LOUISVILLE, Ky. — Sunday marks six months since Breonna Taylor was killed in her apartment by Louisville Metro Police officers. Since then her friends and family have been calling for justice, and for more than 100 days, dedicated protesters have joined in. They are asking for the officers involved to be fired, arrested and charged.
Attorney General Daniel Cameron's office has been investigating her death for months, and now, community leaders are preparing for an announcement in her case.
As they look at the possibility of him indicting the officers involved, leaders like Sadiqa Reynolds, the President and CEO of Louisville Urban League, say they are worried about the communities reaction.

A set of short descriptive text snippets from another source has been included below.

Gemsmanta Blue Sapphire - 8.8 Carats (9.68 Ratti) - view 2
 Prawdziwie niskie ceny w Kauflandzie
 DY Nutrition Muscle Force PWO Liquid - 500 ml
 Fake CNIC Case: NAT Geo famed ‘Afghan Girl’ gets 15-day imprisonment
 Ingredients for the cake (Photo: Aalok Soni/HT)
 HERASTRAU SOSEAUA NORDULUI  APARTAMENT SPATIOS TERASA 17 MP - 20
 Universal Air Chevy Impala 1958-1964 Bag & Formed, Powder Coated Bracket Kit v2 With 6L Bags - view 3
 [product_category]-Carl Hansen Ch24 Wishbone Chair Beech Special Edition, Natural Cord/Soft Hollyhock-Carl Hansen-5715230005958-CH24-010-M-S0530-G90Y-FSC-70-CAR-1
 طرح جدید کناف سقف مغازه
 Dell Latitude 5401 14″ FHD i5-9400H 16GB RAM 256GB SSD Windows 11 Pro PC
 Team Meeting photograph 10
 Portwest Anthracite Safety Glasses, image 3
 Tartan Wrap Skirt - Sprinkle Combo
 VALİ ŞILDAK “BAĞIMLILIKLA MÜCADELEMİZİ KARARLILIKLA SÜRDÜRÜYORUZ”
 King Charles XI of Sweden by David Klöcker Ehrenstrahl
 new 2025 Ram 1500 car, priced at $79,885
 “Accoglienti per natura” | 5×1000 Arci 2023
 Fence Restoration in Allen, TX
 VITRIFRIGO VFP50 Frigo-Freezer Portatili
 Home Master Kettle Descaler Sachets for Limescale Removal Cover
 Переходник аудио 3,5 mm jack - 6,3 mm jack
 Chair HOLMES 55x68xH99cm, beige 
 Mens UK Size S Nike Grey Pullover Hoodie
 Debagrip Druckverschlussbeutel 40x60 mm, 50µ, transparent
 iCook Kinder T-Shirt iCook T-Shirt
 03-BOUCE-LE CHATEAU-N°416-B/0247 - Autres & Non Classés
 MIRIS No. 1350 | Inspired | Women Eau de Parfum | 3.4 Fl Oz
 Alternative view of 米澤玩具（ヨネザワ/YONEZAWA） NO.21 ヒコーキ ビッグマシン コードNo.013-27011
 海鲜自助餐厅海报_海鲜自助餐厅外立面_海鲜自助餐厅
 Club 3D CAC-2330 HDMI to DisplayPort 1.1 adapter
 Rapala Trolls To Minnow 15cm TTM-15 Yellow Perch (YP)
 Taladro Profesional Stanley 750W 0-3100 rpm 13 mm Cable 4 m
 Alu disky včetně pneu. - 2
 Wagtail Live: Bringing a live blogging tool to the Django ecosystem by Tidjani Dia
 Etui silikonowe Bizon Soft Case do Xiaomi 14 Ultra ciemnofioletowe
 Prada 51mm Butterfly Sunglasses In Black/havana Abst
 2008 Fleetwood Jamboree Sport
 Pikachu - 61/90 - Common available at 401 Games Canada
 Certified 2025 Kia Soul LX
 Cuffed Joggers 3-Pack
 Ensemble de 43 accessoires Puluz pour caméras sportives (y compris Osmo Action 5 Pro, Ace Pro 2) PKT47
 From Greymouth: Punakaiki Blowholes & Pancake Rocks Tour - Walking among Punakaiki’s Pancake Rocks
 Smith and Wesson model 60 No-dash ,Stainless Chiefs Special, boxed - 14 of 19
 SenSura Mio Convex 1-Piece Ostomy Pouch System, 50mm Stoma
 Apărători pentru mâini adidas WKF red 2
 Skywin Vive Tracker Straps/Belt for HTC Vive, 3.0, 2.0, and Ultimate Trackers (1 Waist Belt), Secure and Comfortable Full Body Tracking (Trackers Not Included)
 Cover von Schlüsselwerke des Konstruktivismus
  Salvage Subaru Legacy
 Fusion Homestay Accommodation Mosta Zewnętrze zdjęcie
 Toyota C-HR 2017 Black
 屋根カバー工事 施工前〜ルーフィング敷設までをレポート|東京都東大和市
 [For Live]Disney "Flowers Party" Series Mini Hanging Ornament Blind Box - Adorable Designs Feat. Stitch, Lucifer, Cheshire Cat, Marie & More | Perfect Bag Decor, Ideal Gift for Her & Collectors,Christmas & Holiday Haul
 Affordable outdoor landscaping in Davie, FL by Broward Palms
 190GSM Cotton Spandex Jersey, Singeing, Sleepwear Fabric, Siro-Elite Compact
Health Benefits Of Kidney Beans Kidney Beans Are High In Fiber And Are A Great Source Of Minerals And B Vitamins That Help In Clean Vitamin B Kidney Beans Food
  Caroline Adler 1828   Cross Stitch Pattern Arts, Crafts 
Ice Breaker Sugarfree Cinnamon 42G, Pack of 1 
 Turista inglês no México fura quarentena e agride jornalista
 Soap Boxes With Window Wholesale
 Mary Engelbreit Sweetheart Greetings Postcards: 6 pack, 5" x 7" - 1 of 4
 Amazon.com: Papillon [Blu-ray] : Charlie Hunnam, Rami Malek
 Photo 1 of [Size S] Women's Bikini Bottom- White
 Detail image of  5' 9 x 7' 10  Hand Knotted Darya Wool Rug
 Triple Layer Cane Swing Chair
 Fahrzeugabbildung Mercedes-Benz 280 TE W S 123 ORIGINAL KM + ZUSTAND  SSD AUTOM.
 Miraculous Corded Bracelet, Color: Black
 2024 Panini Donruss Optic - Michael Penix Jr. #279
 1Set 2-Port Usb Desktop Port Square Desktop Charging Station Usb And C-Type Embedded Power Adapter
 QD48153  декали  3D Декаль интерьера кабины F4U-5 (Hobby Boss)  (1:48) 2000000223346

"It's unavoidable. I am not preparing for a world where there are no charges because I believe there will be charges," Reynolds said. "To tell you that I'm not concerned that would be dishonest. I am concerned and whatever this city does, whatever the people do, I will be there."
For more than three months, hundreds of people have been protesting in the streets for Breonna, but as Reynolds says, it's become even more than that.
"We really want justice in every way. Affordable housing, closing the achievement gap, support for small businesses, all of these things really do matter," Reynolds said.
She says she feels optimistic about the future, but the current uncertainty of this moment comes with challenges.
"It's not just going to be this peace without healing, without truth. We have to have truth. We have to talk about what has occurred," Reynolds said.
Alongside Reynolds and hundreds of other protesters, Felicia Garr, the organizer of the Great Women's March, says she won't stop showing up.
"I will not destroy property but I will participate in every peaceful protest possible if we do not get the appropriate results for the case," Garr said.
"We have to continue to push for justice. This is not a sprint, this is a marathon. This is a long term battle," Reynolds said.
The decision from Attorney General Daniel Cameron will be a turning point, in the more than 100 days protesters have taken to the streets.
"You know you need to be prepared for the worst, you hope certainly for the best and I think that what I hope the protesters know, no matter what happens, we owe it to ourselves, and our future selves to take the protests to the polls," Reynolds said. "We don't want revenge, we want justice. Those two things are very different."
"Attorney general, how dare you take so long to get the results that you're people have cried for. Attorney general I must say it is time for you to do your job and bring us a satisfactory verdict for the Breonna Taylor case," Garr said.